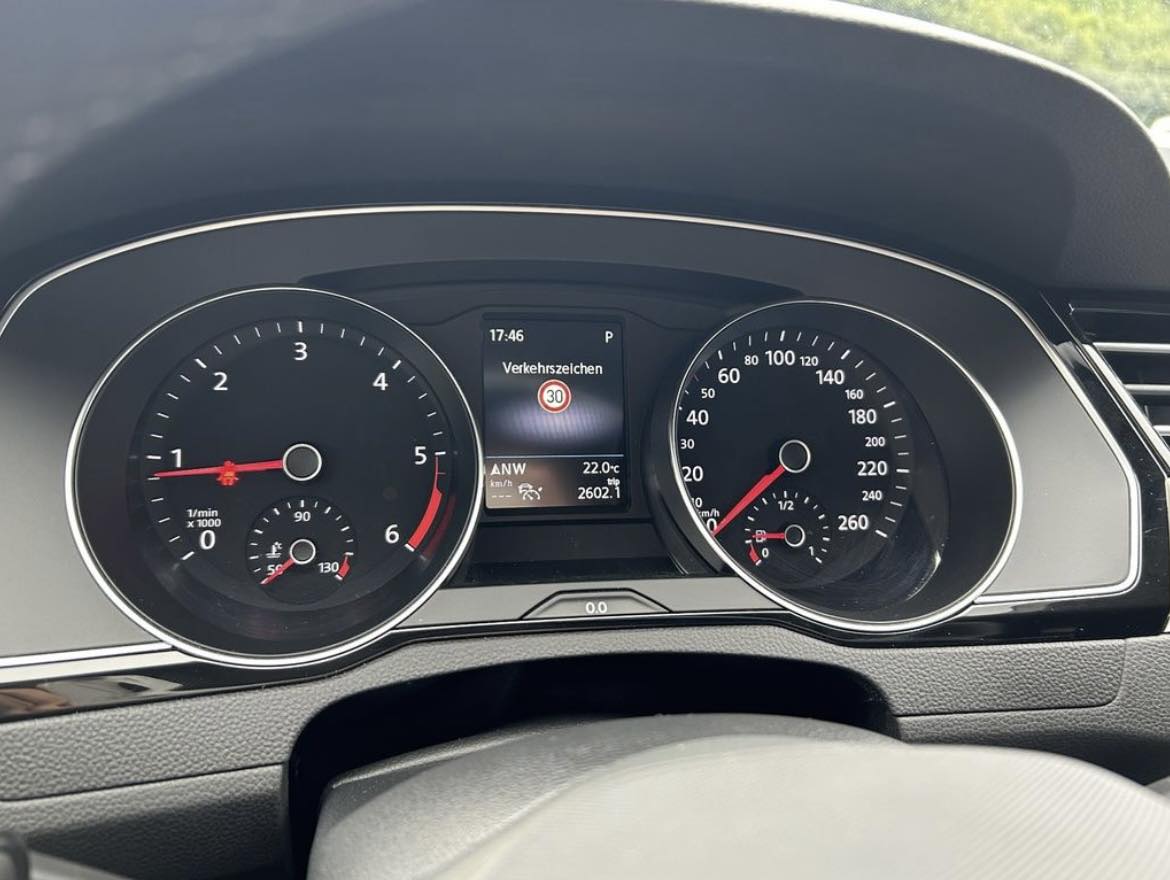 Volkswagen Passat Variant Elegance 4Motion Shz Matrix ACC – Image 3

□ □ □ □ □ □ □

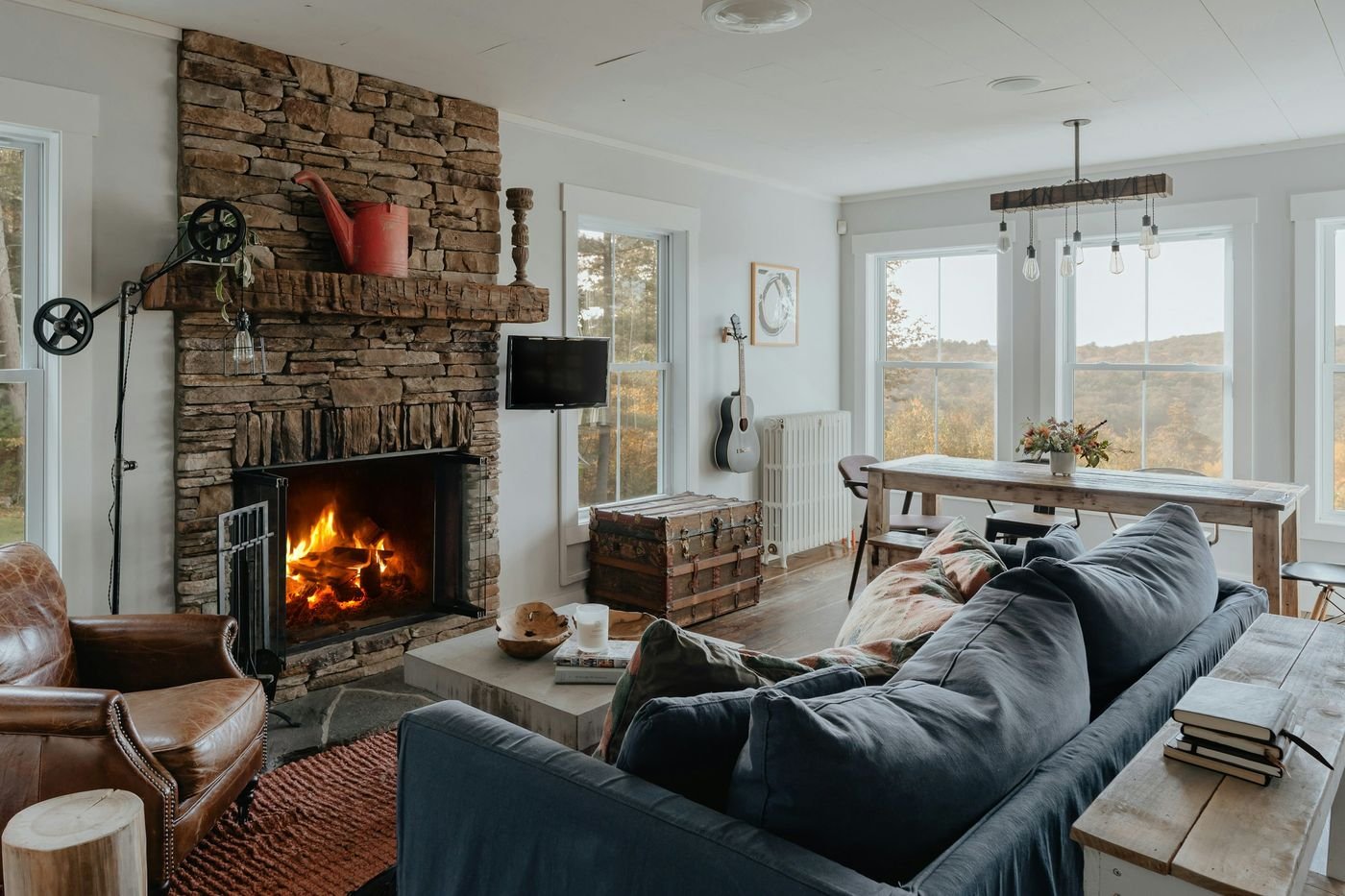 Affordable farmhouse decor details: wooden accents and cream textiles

□ □ □ □ □ □ □

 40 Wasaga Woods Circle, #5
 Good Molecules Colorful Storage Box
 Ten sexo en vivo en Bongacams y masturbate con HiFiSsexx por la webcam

□ □ □ □ □ □ □

Within the material above, transcribe exactly the lines that run from the line holding "Good Molecules Colorful Storage Box" through the line holding "Ten sexo en".

RESULT OF THE EXERCISE:
 Good Molecules Colorful Storage Box
 Ten sexo en vivo en Bongacams y masturbate con HiFiSsexx por la webcam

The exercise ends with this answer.